Tunze TDS reading 006 after membrane change

MrsHaggis

New member
We have an aqua pro RO water system (which I think we should change for an RO/DI solution). We were having a bit of an algae problem so we bought a Tunze TDS monitor so that we could see what the reading for the output was. It was 000 on the old membranes, but then quickly increased to 003 (they were quite old) so we bought two new membranes and installed them. We have ran about 6 to 8 gallons of water through the system now but the lowest output reading we get is 006.

Do we just have to run more water through, have we installed it wrong, are the new membranes not working properly?
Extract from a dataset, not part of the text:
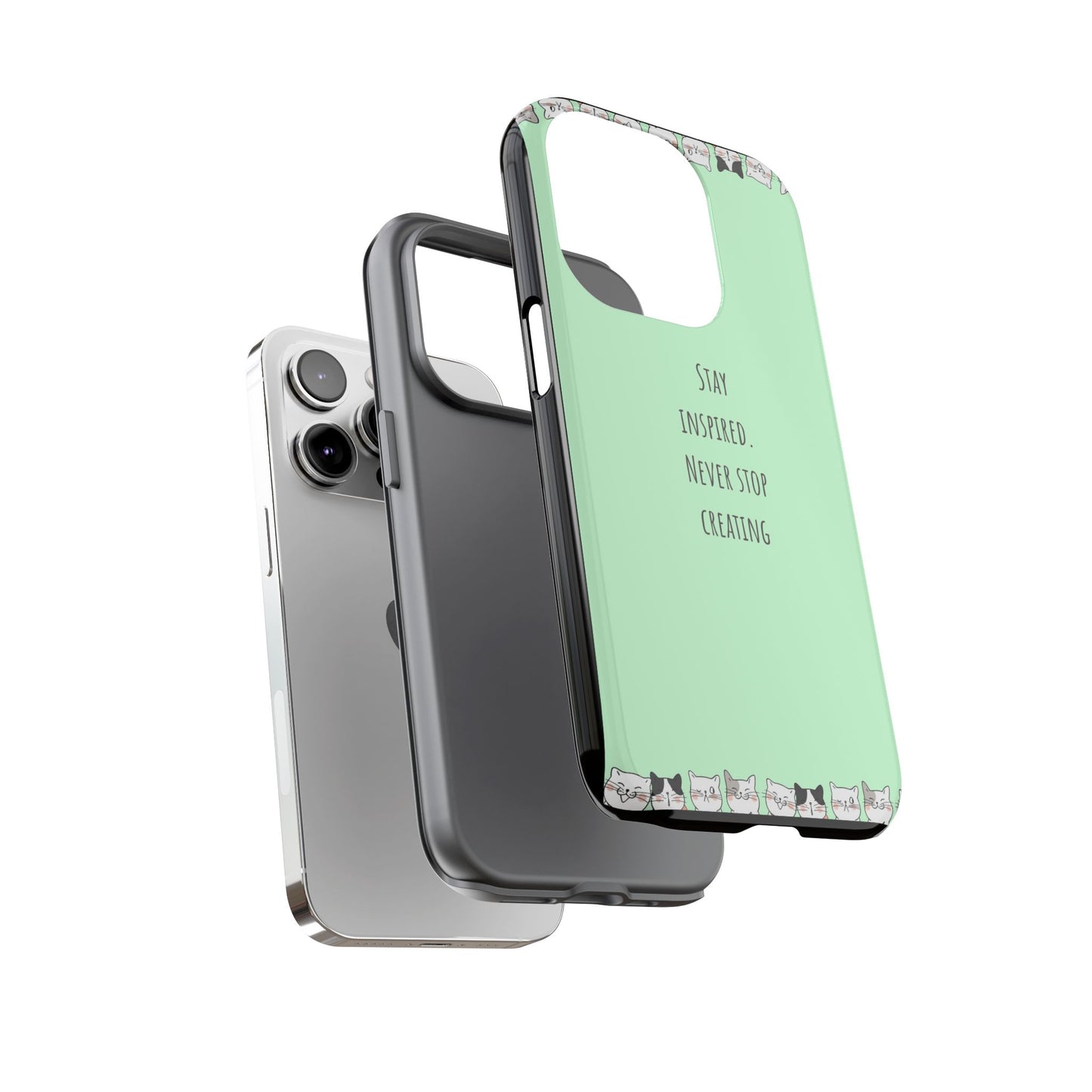 Tough Phone Case, Trendy Durable Glossy Finish, Stylish and Cute Smartphone Cover for Daily Use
Any ideas are most welcome.

Thanks
 
Typically an RO membrane is not fully hydrated until it has been in use for 2 weeks. It doesn't need to be in continuous use but it should be run for a few hours and allowed to stay wet. Even 6ppm is a very good result from an RO, 0 or 3 is exceptional. I think the cause of the algae is probably not the source water, more water changes and cleaning of the tank should reduce it, what kind of algae is it? It is also possible the tap water has more pollution if it rained recently, silicates and some minerals are not removed well by RO. Do you know what kind of membrane it is that you have? We have used 2 brands, GE Osmonics and now we use DOW Filmtec, the DOW is the newer one and generally the best that is available.
 
We had a big hair algae problem (green, black and red), some neomeris, some red algae....generally just lots and lots of it but mainly green hair algae. We have cleaned up about 90% of it manually and slowly the snails are doing the rest.

I think it was a combination of too much light, too much food (the neighbours were feeding over the holidays) and no water changes for 2 weeks but we also wanted to make sure the water quality was as good as possible.
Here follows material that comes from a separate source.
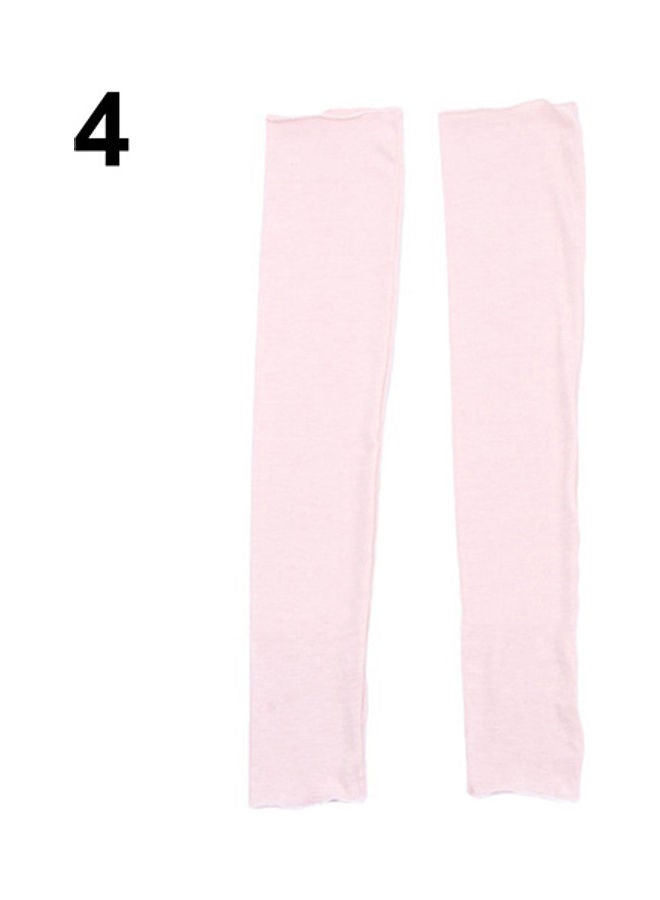 Generic - Women Girl Fashion Warm Arm Warmer Long Fingerless Gloves Cotton Sleeves 20 x 10 x 20cm - Image 1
We have and AquaPro Pure RO System (the LFS did not have any Tunze ones available). We have changed two of the 3 membranes : Dirt and Sand Reduction and Taste and Odour Removal. We have a 3rd membrane that we did not change; just didn't think to ask the LFS why we shouldn't change it and have only now thought of it to be honest (feeling a bit stupid).

You are the first person to say that we need to wait a few weeks though - which sounds hopeful.

Our input TDS is 284 (or thereabouts, it can go up to 330), and our output is now sitting at 019 which is a big increase from the 004 we had yesterday (it decreased from 006).

We are thinking of installing a DI part of the system, or replacing the whole thing for an RO/DI system that can keep up and will give excellent results. Which Tunze one would you recommend?
 
My experience with hair algae is high pH and KH will kill it over a few months. Probably the food decomposing lowered the KH and pH and also added nutrients. Try to keep a KH of 12-14 dKH for a few months. It sounds like you changed the carbon and not the membrane. The carbon only removes the chlorine and some pesticides and contaminants from water but not nitrate and phosphate and silicate. You would need a new membrane, 8550.510 to improve the TDS, but your results aren't bad, I wouldn't change it if TDS on output was less than 25. DI is not necessary, I would only use DI for the first fill of a new tank. DI mainly removes silicate that the membrane does not, but you have no diatoms and I don't think it will help for small water changes and top off. We do have a refillable DI it is part 8550.600. The main reason to use DI in my opinion is to prevent diatom problems in a new tank.
 
So many conflicting opinions.

Some guys on here would not use water that has a TDS of more 003 and insist on using DI. And everytime you post an algae problem it is blamed on not using RO/DI water. Are they just being over cautious?
 
I would always use RO, RO removes 92%+ of most contaminants but only about 80% of silicate. DI though to me seems like a big expense to remove the remaining 10% and if that is the only nutrient going in the tank and you change 10% it is such a small amount that the algae might have food for 1 or 2 days.
 
Just curious another big question for me orther than what is the customers water souce for hair algae is what is your Phospahate in the tank testing at? High phosphates are usually a common cause, but tanks with large amounts of hair algae can be "tricky" as they at times will actually test low for PO4 as the algae has bound it up.
 
Hi Shawn , Actually thought I had answered this.

At first we were testing 0 for Phosphates but then on removing 95% of the Hair Algae by hand we started testing at 0.1 for Phosphates. I think the GHA problem came about over the holidays through a combination of too much light (8 hours per day), too much food (neighbours were feeding) and no water changes (we were in Scotland for Christmas). We are still testing high for Phosphates and that is because we cannot do enough water changes (still waiting on the part being delivered for the RO system).

Once I have the new membrane I'll be doing about a 50% water change over the course of 5 days to see if we can bring down the phosphates. I have reduced the light to 5 hours, feeding to every two days.